Israël tire sur des manifestants palestiniens à Gaza, 24 blessés

GAZA CITY : Les troupes israéliennes ont tiré samedi sur des manifestants palestiniens qui ont lancé des bombes incendiaires et brûlé des pneus derrière la barrière frontalière de la bande de Gaza, le ministère de la Santé de Gaza faisant état de 24 blessés.
« Vingt-quatre civils ont été blessés, dont 10 enfants », a indiqué le ministère dans un communiqué.

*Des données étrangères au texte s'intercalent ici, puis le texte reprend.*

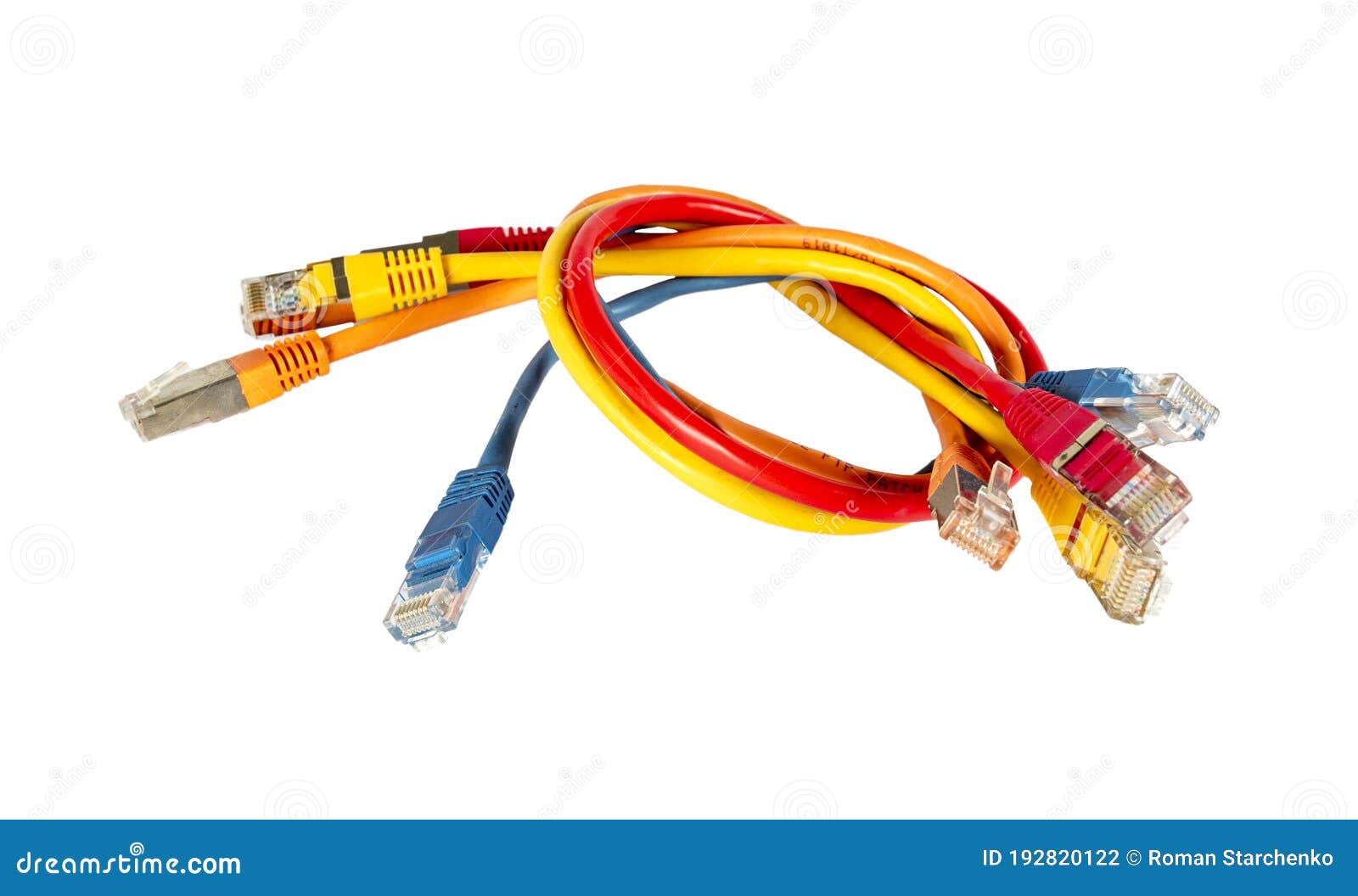 connect lan cable  on white background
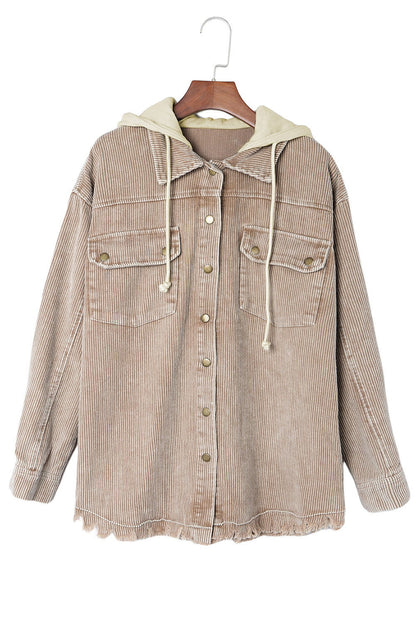 Khaki Patchwork Raw Hem Hooded Corduroy Jacket - Vesteeto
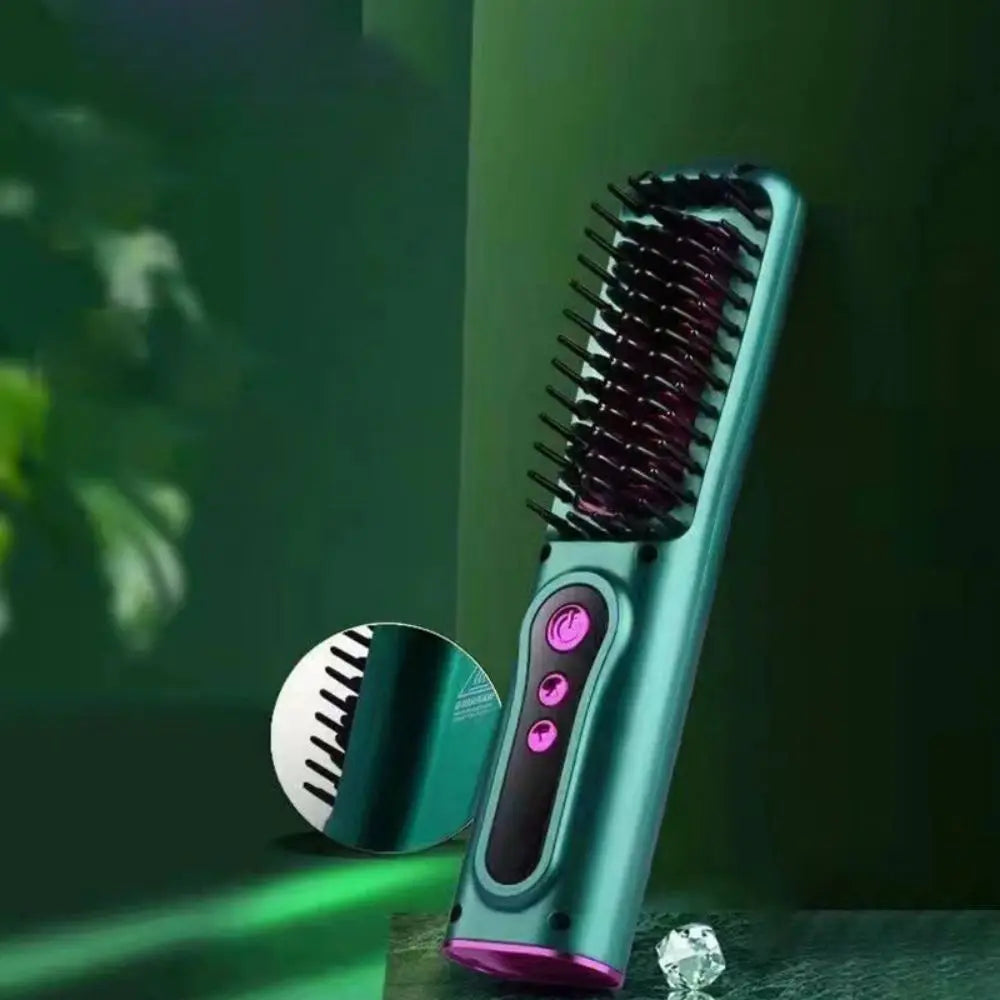 Portable Personal Hair Styling Tool For /Home Use,Wireless Straight Hair Combs USB Charging,Travel Electric Straight Hair Comb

« Deux des blessures sont critiques, dont un garçon de 13 ans, qui a été touché à la tête à l’est de la ville de Gaza.
L’armée israélienne a déclaré à l’AFP que « des centaines d’émeutiers et de manifestants » s’étaient rassemblés le long de la barrière frontalière.

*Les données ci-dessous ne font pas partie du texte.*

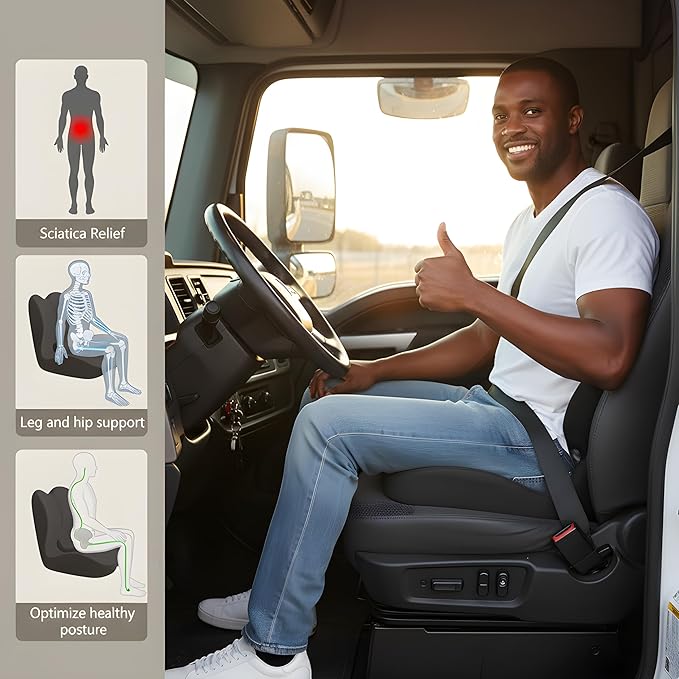 Memory Foam Seat Cushion for Truck Driver & Car Driving - Ergonomic Driver Seat Lab Cushion with Lumbar Support, Adjustable Strap, Non-Slip Pad for Back Pain and Sciatica Relief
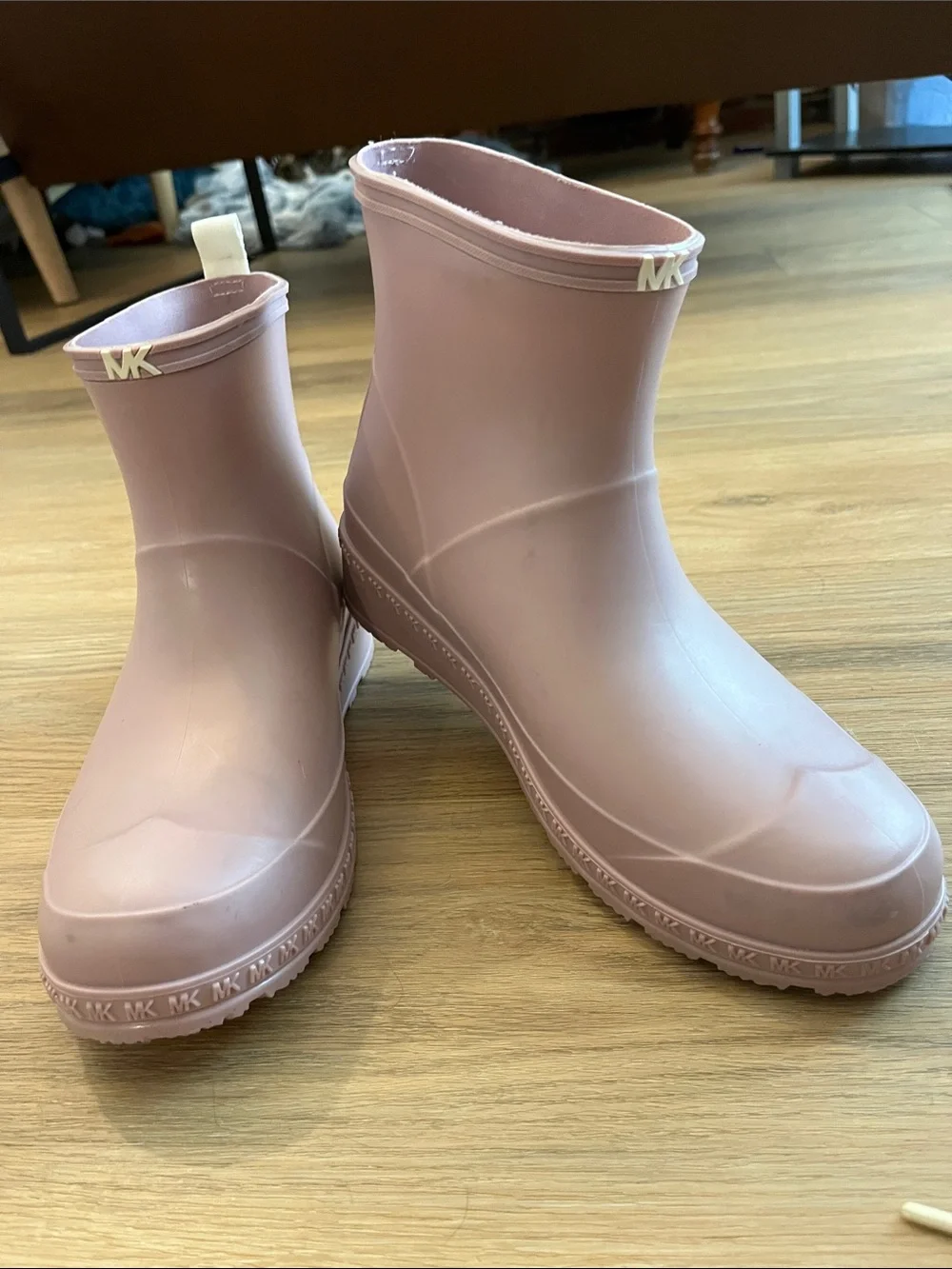 Michael Kors Mac Light Pink Matte Short Rain Boots
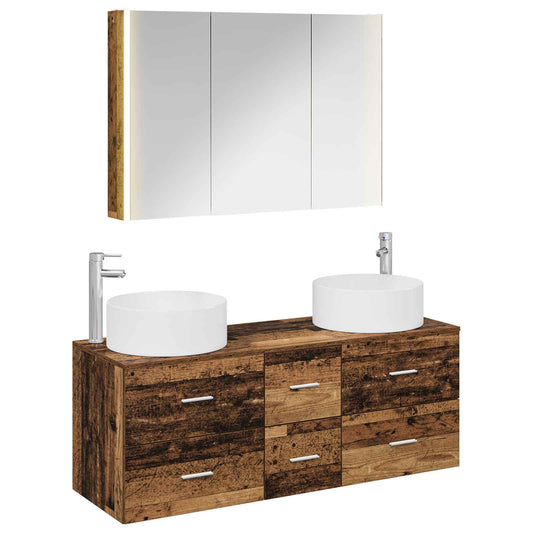 vidaXL Bathroom Furniture Set 4 pcs Old Wood Engineered Wood and Glass
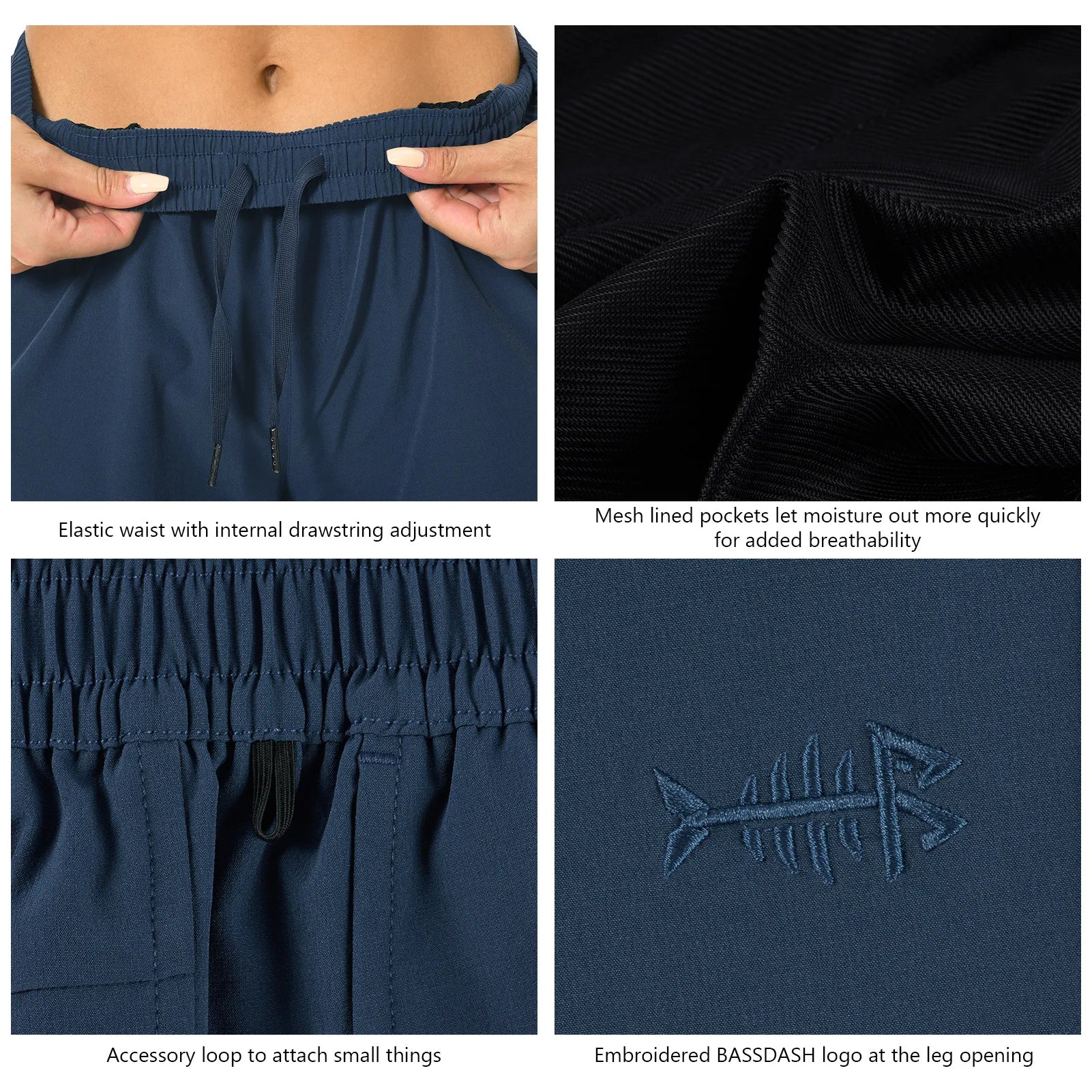 Pantalones cortos cargo Bassdash de 12,7 cm para mujer, para pesca, senderismo, secado rápido, con bolsillos con cremallera, resistentes al agua UPF 50+, para verano, informales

« Les troupes sont préparées dans la zone et utilisent des moyens de dispersion des émeutes et, si nécessaire, des obus de calibre .22 », a indiqué l’armée.
Le mouvement islamique du Hamas qui dirige Gaza avait appelé samedi à manifester pour marquer l’incendie il y a 52 ans de la mosquée Al-Aqsa de Jérusalem, le troisième site le plus saint de l’Islam.
« La mosquée Al-Aqsa est une ligne rouge, et toute attaque contre elle se heurtera à une vaillante résistance de notre peuple », a déclaré le mouvement dans un communiqué.
La manifestation est survenue exactement trois mois après qu’Israël et le Hamas ont conclu une trêve à la suite de leurs combats les plus meurtriers depuis des années.
Pendant 11 jours en mai, Israël a pilonné Gaza avec des frappes aériennes en réponse aux roquettes tirées depuis l’enclave.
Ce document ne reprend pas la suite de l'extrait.